The Kittel equation for ferromagnetic resonance governs the relationship between microwave excitation frequency and resonant applied magnetic field for fields applied normal to the thin film plane:

$$\left(\frac{\omega }{\gamma }\right)={\mu }_0(H_{\text{res}}+H_{\text{eff}}),$$ (1)

where γ = γμ_B/ħ is the gyromagnetic ratio, γ is the γ-factor, μ_B is the Bohr magneton, ħ is the reduced Planck constant, μ₀ is the vacuum permeability and H_eff = 2K₁/M_S − M_S is the effective perpendicular anisotropy (comprising the uniaxial anisotropy and the saturation magnetization). In Fig. 2, we present a series of out–of–plane field swept absorption spectra at frequencies between 14 GHz and 50 GHz for the free layer of the pMTJ film. The ferromagnetic resonance field and linewidth are obtained by fitting the absorption data to the sum of symmetric and asymmetric derivative Lorentzian lineshapes, enabling the determination of the resonance field and the linewidth at each frequency.

FIG. 2.

Representative derivative microwave absorption signal (d_χ/dH) versus applied out–of–plane magnetic field μ₀H for rf excitation frequencies between 14 GHz and 49 GHz (solid triangle markers). Best-fit lines (solid lines) to the lineshapes reflect a combination of symmetric and asymmetric derivative Lorentzians. Vertical offsets were added to better visually distinguish between spectral lines and reflect a linear in frequency additive shift.

Figure 3 shows the frequency–dependence of the ferromagnetic resonance field and the linewidth. Applying the Kittel relation from Eq. 1, we obtain a best-fit curve to the resonance field versus frequency data in Fig. 3(a), from which we use an asymptotic frequency analysis method to estimate μ₀H_eff = 0.349 T ± 0.003 T and g = 2.180 ± 0.004.⁷ Uncertainty in the best–fit parameters comprises the standard uncertainty from a least–squares fit to Eq. 1 and the uncertainty in the precision of the measured field values. Finally, we arrive at a positivevalue for H_eff that agrees with the observed perpendicular magnetization of the FL in this film.

FIG. 3.

(a) Out–of–plane resonance field versus ferromagnetic resonance absorption frequency and (b) Linewidth versus ferromagnetic resonance absorption frequency.

The linewidth versus frequency for fields applied out–of–plane is expected to have the following linear relationship⁸:

$$\mathrm{\Delta }H=\frac{4\pi \alpha f}{\gamma {\mu }_0}+\mathrm{\Delta }{H}_0,$$ (2)

where α is the unitless Gilbert damping parameter and ΔH₀ is a frequency–independent factor attributed to inhomogeneous linewidth broadening.
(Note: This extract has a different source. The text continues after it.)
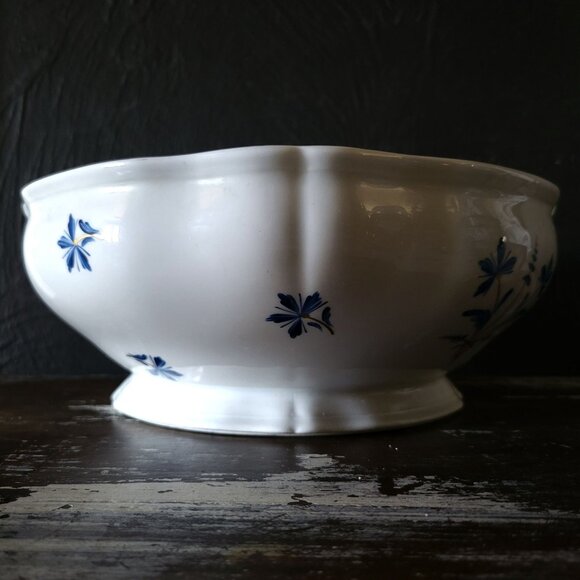 Large Antique Limoges Bowl Hand-Painted Cornflowers, J. Garfinckel Washington DC - Picture 2 of 7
Despite the apparent deviation from the linear linewidth versus frequency trend in the vicinity of f = 20 GHz, it is possible to mask the points in this region and obtain a satisfactory linear fit to the data. From the best=-fit line to our linewidth versus frequency data, we extracted a Gilbert damping factor α = 0.0043 ± 0.0002 and an inhomogeneous broadening of ΔH₀ = 3.6 mT ± 0.5 mT. The particularly low value for the damping in the CoFeB free layer is attributed to the presence of non–conducting MgO layers on both sides of this layer.^9,10

The presence and magnitude of the deviations in the linewidth from its linear trend depends strongly on the magnetic history of the film. Figure 4 reveals the asymmetric location of the peak linewidth for field increasing and decreasing. The film was reset using a large negative (positive) field before performing a field increasing (decreasing) scan. For FMR scans under increasing fields, the linewidth exhibits a local maximum around 20 GHz. On the other hand, FMR scans under decreasing fields exhibit a local linewidth maximum at a lower frequency (17 GHz).

FIG. 4.

Asymmetric linewidth versus frequency trends for increasing (open red circles) and decreasing (open blue triangles) applied out–of–plane magnetic fields.
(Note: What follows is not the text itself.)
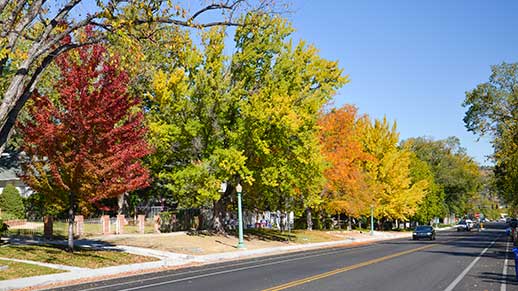 Green, red, orange, and gold trees line Mount Vernon Street in Prescott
The origin of the sharp maxima in the linewidth dependence on frequency and the corresponding asymmetry with respect to the direction of scanned out–of–plane field can be understood from magnetostatic interactions between the free layer and the pinned reference complex. Figure 5 shows the magnetization versus applied out–of–plane magnetic field hysteresis loop for the pMTJ film. Increasing the field from negative saturation, in which the pinned layer, reference layer and free layer are all magnetized “down”, the RL reverses from “down” to “up” at approximately −200 mT, the FL reverses at fields below 5 mT, and the PL is switched at approximately +300 mT. This remagnetization process is reversed as the field is decreased from positive saturation back through negative saturation.

FIG. 5.

Magnetization versus applied out–of–plane field for perpendicular magnetic tunnel junctionfilm.
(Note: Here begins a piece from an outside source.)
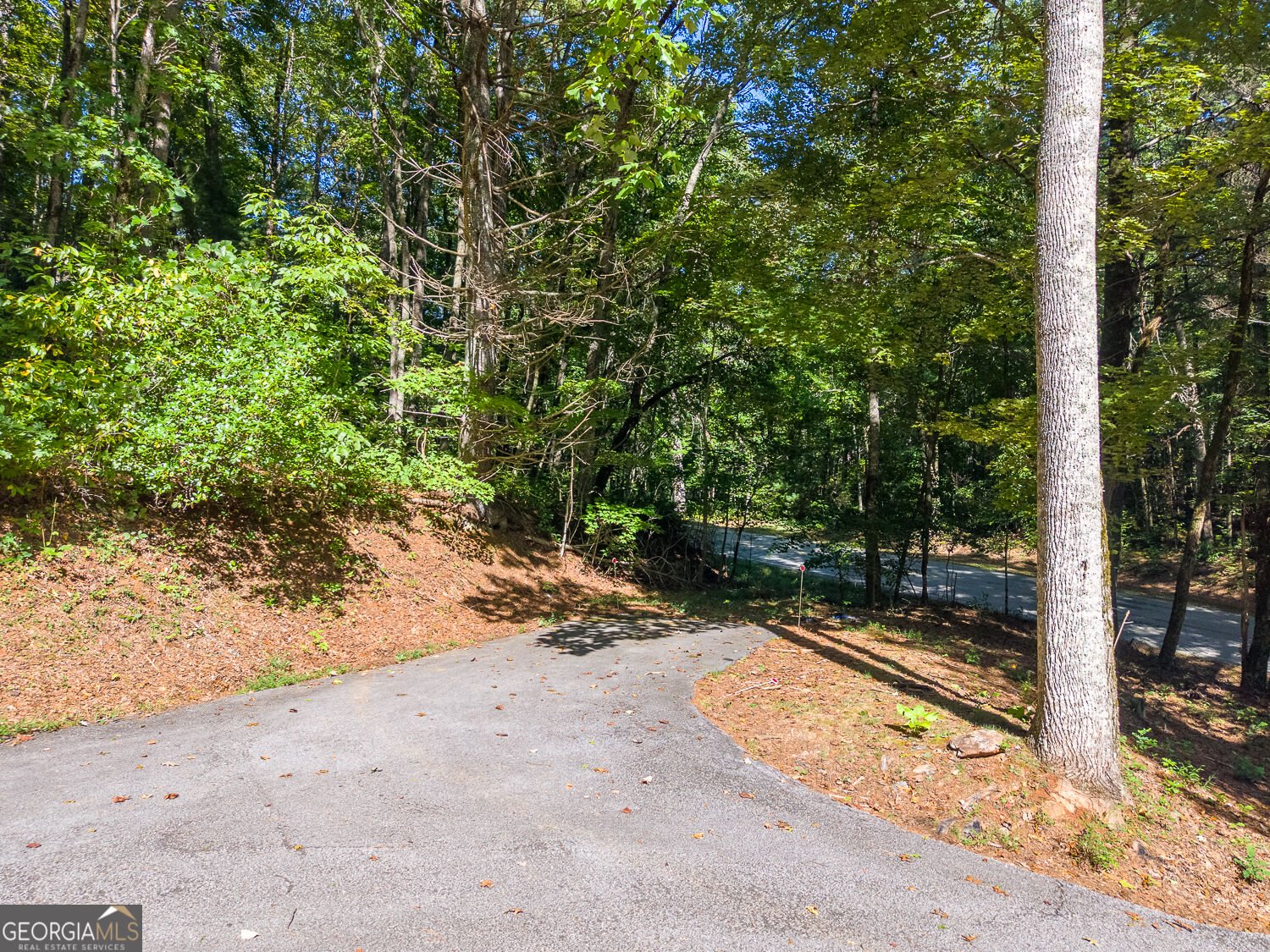 1460 Bald Mountain Road Dillard - Photo 64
For applied fields in the vicinity of the coercive field of RL(PL), the otherwise uniformly magnetized layers comprising the synthetic antiferromagnet breaks up into multiple domains, leading to the generation of spatially inhomogeneous magnetostatic fields that can modulate the otherwise uniform magnetostatic fields interacting with the free layer magnetization. This spatially inhomogeneous dipolar coupling between the layers has been shown to break the lateral symmetry between layers in perpendicularly magnetized spin–transfer devices.^11,12 For continuous pMTJ films, the strength and characteristic length scale of lateral variation in the magnetostatic field interaction strength within the free layer will depend on the distribution of magnetic domains in the layer (RL, PL) undergoing reversal. A recent mean–field model predicts increases in the inhomogeneous linewidth broadening proportional to the field strength due to lateral inhomogeneities.¹³ This behavior agrees well with the observed doubling of the intensity of the linewidth peak at 20 GHz compared to the peak at 17 GHz shown in Fig. 4. We attribute this asymmetry to the larger magnetization change at 300 mT compared to the smaller magnetization change at 200 mT and the associated larger magnetostatic field.

We can use the local peak in the linewidth versus frequency trend to estimate the coercive field of the RL(PL). For increasing field, we find a peak in the linewidth at f = 19.90 GHz ± 0.05 GHz, corresponding to a resonance field μ₀H_r = 0.311 T ± 0.004 T. This agrees well with the estimated coercive field for the PL from Fig. 4 (0.32 T ± 0.01 T). And for decreasing field, the peak linewidth at f = 17.0 GHz ± 0.1 GHz corresponds to aresonance field μ₀H_r = 0.211 T ± 0.006 T, also in good agreement with the RL transition estimated from magnetometry (0.22 T ± 0.01 T).

In conclusion, we investigated the ferromagnetic resonance linewidth of the free layer of an all–perpendicular magnetic tunnel junction film. We observed linewidth enhancement of nearly three times due to the inhomogeneous fields produced by the reference and pinned layers of the pMTJ during remagnetization, which led to an asymmetry in the frequency position of the linewidth peak depending on the direction of swept field FMR measurements. The peak locations were shown to correspond directly to the remagnetization fields of the layers, as checked by vibrating sample magnetometry., which enables one to use the linewidth measurements of the free layer of pMTJs to identify the reversal fields of the complementary layers. These findings are an important step for gaining a better understanding of inhomogeneity–induced spin dynamics and relaxation in pMTJs.